Assignment
The records follow. Transcribe only the lines from the line containing "And then same" through the end, both ends included, and leave out the pictures.
** Opening Extracted records block **
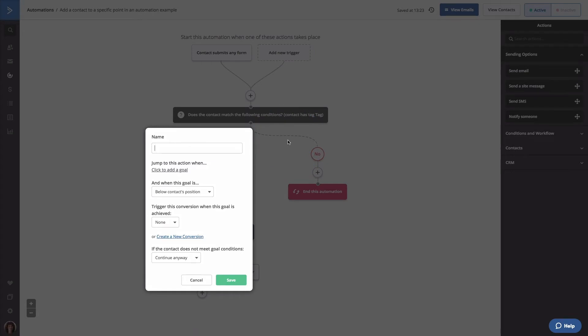Now we're going to show you how to configure this goal so that when you manually add a contact to this automation, they will go directly to this action. First, you'll need to type the name of the goal. In this example, we're going to type skip to email.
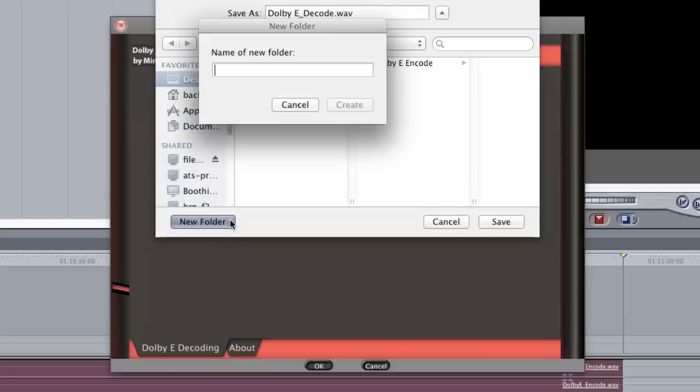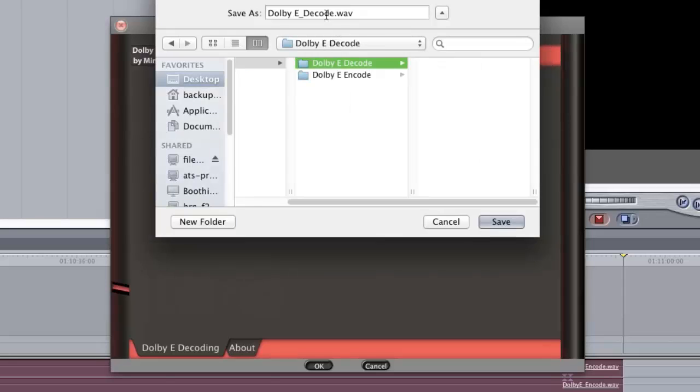Click New Folder and specify a name for this output directory followed by a name for your decoded file. Click Save.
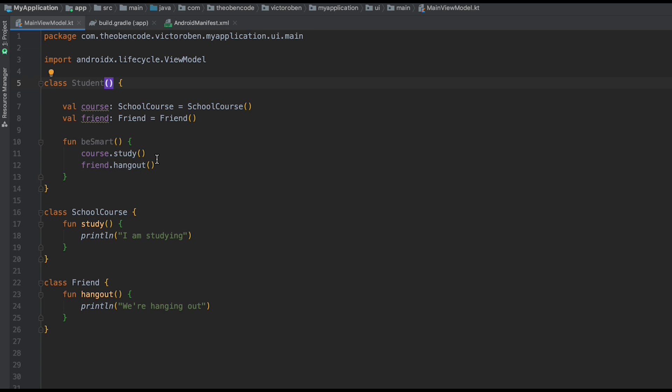KOIN is the dependency injection framework that helps you manage your dependencies rather than creating them inside the class yourself. You tell KOIN what you want to create, how to create it, and you can request those dependencies whenever you need them. If you've ever worked with Dagger, it's really similar to that, but takes less code to set up and understand.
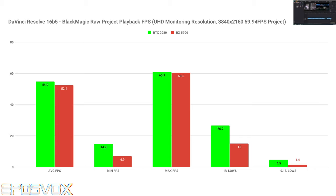And then same thing at a full 4K timeline preview res. The timeline was set to 4K in both of these, but the monitoring resolution was lowered to 1080p or 4K. At 4K, the 2080 had 54.9 frames per second average playback, and the 5700 was at 52.4. So two to three frames per second difference.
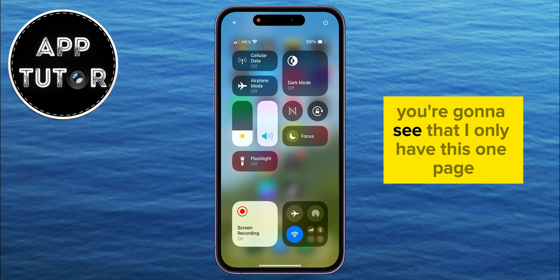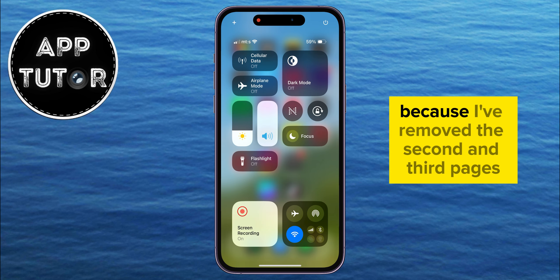Do you like the new Control Center on iOS 18, but you want to remove those extra pages that you don't use? Well, I'm going to show you how you can do just that.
** Closing Extracted records block **
Reply to the task
And then same thing at a full 4K timeline preview res. The timeline was set to 4K in both of these, but the monitoring resolution was lowered to 1080p or 4K. At 4K, the 2080 had 54.9 frames per second average playback, and the 5700 was at 52.4. So two to three frames per second difference.
Do you like the new Control Center on iOS 18, but you want to remove those extra pages that you don't use? Well, I'm going to show you how you can do just that.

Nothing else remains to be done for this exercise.